Se trata de una falacia denominada Non sequitur, o falacia de la conclusión equivocada. Consiste en expresar una frase o idea confusa que no tiene nada que ver con lo que le precede, generando un absurdo de manera abrupta. Se habría llegado a una conclusión imposible. La proposición carece de una relación lógica con el asunto tratado, o es irrelevante. Es una falacia lógica ya que la conclusión no tiene conexión con «el argumento». Porque si el Presidente es el jefe de todo, incluido el Ejercito, ¿dónde queda el límite entre la institución militar y el poder civil?  Estamos en una República democrática, representativa, donde el Presidente es un civil. 

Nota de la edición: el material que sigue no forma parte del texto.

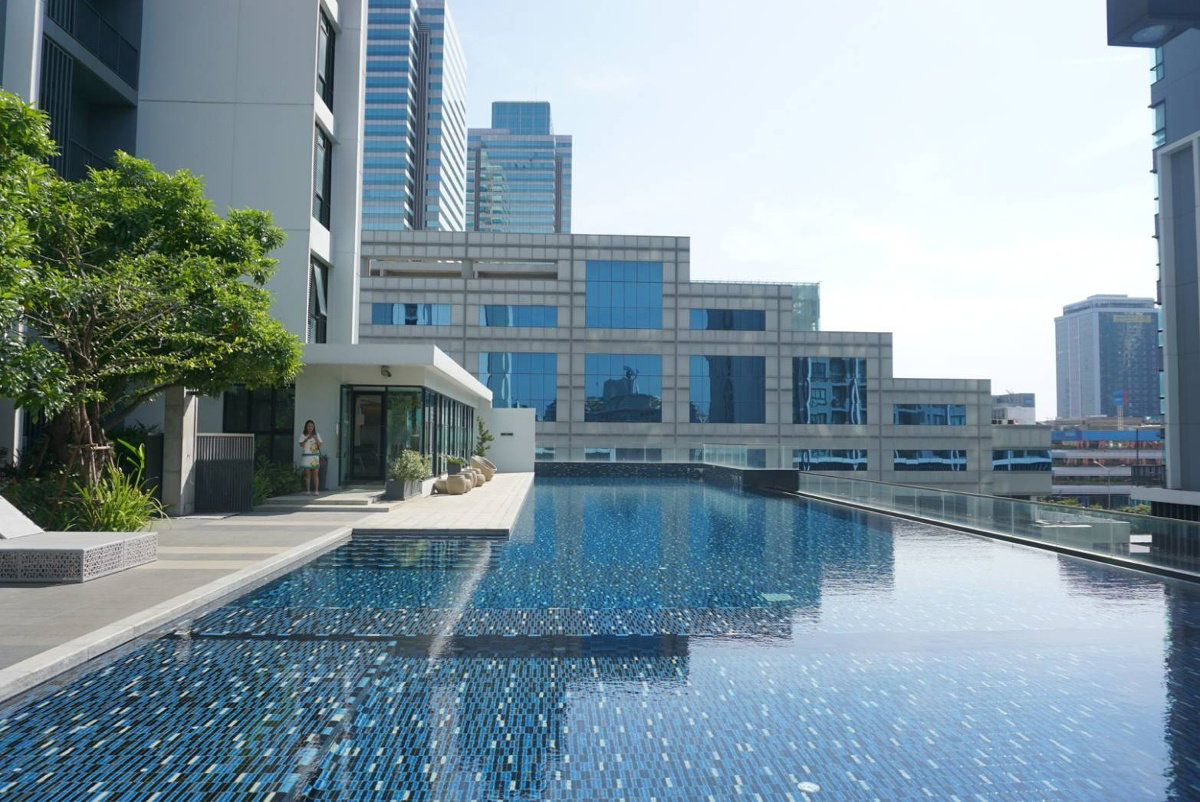 รูป ขาย โครงการ คิวนน์ รัชดา 17 ขนาด 1 ห้องนอน - รูปที่ 1/15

Justamente era eso lo que buscaba la discusión desde el lado de la oposición. México no es un país militarista. Se reconoce que el mando supremo es civil. ¿Dónde está la falacia, entonces? En la confusión entre la especie y el género. El género es el concepto de seguridad, que tiene dos especies principales (hay más): seguridad interior y seguridad nacional. Para la primera fue creada la Policía Federal, la que después sustituida por la GN; para la segunda están la Fuerzas Armadas del país. Meterlas en el mismo saco es querer que exista un solo aparato represivo de Estado. Eso solo ocurre en las monarquías absolutas y en los regímenes autoritarios, de facto, donde los derechos ciudadanos están siempre sujetos al capricho de los tiranos. En una República no deben mezclarse. El agua y el aceite son sustancias, pero no se fusionan. La tentativa de desaparecer la frontera entre ambas fue inmediatamente desaprobada por los organismos internacionales, como la propia ONU. El asunto, pues, es más grave de lo que a simple vista parece. Hay que defender la Constitución. 

Para terminar una pregunta que entraña una falacia, para uso de los amlovers. “¿Siguen ustedes tan arrastrados como solían ser?”. Respondan sí o no.